Home / Company / News

PELABUHAN TERINTEGRASI DAN KOMITMEN BANGUN SINERGI

Sunday, 23 Jun 2013
Share this news
Share Twitter    Share Facebook    Share LinkedIn

“SAMPAI saat ini masih banyak tuduhan kurang maksimalnya pelayanan yang diberikan Terminal Operator sebagai penyebab terjadinya biaya tinggi di pelabuhan. Hal tersebut didasari pada kenyataan masih terjadinya waktu tunggu yang lama bagi kapal untuk mendapatkan tambatan di dermaga, produktivitas bongkar muat barang yang rendah, peralatan yang kurang memadai, dll. Padahal sebagai penyedia jasa, kami justru menginginkan terjadinya produktifitas yang tinggi di dermaga. Sebab dengan cepatnya proses bongkar muat, utilitas dermaga juga akan semakin tinggi, hingga bisa digunakan melayani kapal berikutnya yang menunggu tambatan. Artinya, pendapatan dari pelayanan jasa dermaga juga akan bertambah. Tetapi untuk mencapai ke tingkat  yang demikian, diperlukan ketersiapan dan kualitas infrastruktur dan suprastruktur yang sebagian berada di luar kewenangan kami: ungkap Direktur Operasi & Teknik PT Pelabuhan Indonesia III (Persero) Faris Assagaf dalam paparan pada dialog interaktif terkait biaya logistik, yang diselengarakan oleh pra jurnalis peliput kegiatan pelabuhan di Hotel Elmi Surabaya, Selasa 11 Juni 2013 lalu.
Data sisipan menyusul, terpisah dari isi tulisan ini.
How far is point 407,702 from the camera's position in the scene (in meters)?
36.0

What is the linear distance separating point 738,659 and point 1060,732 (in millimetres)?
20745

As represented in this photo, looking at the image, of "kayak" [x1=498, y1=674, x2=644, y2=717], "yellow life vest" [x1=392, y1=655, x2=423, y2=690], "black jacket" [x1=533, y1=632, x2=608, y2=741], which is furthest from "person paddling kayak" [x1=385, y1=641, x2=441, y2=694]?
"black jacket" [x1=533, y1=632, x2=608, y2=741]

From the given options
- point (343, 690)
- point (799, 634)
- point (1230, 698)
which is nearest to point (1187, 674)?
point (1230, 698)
Dialog yang dihadiri para pemangku kepentingan pelabuhan tersebut berhasil menguak beberapa “uneg-uneg” yang dipendam oleh mitra kerja dan pengguna jasa Pelabuhan Tanjung Perak, Surbaya. Meskipun Gubernur Jatim Soekarwo mewakilkan kehadirannya kepada Kadishub & LLAJ Jatim Wachid Wahyudi dan Dirut Pelindo III Djarwo Surjanto yang tengah melakukan tugas ke luar negeri diwakili Diroptek Faris Assagaf, tetapi dialog berkembang dengan dinamis dan konstruktif.

Hal-hal krusial seperti aanya hambatan akses pelabuhan di Alur Pelayaran Barat Surabaya (APBS) sebagai salah satu penyebab tingginya biaya logistik, kelambanan pelayanan di TPS, peran serta asosiasi kepelabuhanan, solusi mengatasi kemacetan akses darat ke pelabuhan dll, dibahas secara “sersan” (serius tetapi santai), dalam suasana dialogis yang jauh dari konfrontatif.

Pendorong Pertumbuhan 

Keynote speech yang disampaikan Kepala Dinas Perhubungan & LLAJ (Kadishub) Jatim, secara umum mengulas peranan pelabuhan sebagai pendorong pertumbuhan ekonomi daerah Jatim yang yang mampu melampaui angka pertumbuhan nasional. Yaitu pada kisaran 7,24% di tahun 2012, dan diprediksi tahun 2013 akan meningkat menjadi 7,60%. Hal itu tak lepas dari upaya Pemprov yang mendorong dibangunnya pelabuhan-pelabuhan baru seperti di Probolinggo yang kedepan dioperasikan bersama Pelindo III, Banyuwangi untuk layanan kapal-kapal pelra dan kapal ikan, Situbondo sebagai upaya membangkitkan kembali peran Pelabuhan Panarukan dan Paciran di Lamongan sebagai pelabuhan penyeberangan.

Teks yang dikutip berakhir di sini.